From first line to last, copy the material below exactly.

- **Material provided**
━━━━━━━━
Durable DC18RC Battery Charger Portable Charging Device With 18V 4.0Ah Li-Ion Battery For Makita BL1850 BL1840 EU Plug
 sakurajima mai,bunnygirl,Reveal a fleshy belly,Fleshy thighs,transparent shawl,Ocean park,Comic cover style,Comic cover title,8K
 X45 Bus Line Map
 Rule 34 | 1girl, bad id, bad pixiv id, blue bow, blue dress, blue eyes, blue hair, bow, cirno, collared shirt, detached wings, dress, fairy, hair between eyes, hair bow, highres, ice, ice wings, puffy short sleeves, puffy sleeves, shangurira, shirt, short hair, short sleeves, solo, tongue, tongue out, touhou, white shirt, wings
━━━━━━━━
- **The completed task**
Durable DC18RC Battery Charger Portable Charging Device With 18V 4.0Ah Li-Ion Battery For Makita BL1850 BL1840 EU Plug
 sakurajima mai,bunnygirl,Reveal a fleshy belly,Fleshy thighs,transparent shawl,Ocean park,Comic cover style,Comic cover title,8K
 X45 Bus Line Map
 Rule 34 | 1girl, bad id, bad pixiv id, blue bow, blue dress, blue eyes, blue hair, bow, cirno, collared shirt, detached wings, dress, fairy, hair between eyes, hair bow, highres, ice, ice wings, puffy short sleeves, puffy sleeves, shangurira, shirt, short hair, short sleeves, solo, tongue, tongue out, touhou, white shirt, wings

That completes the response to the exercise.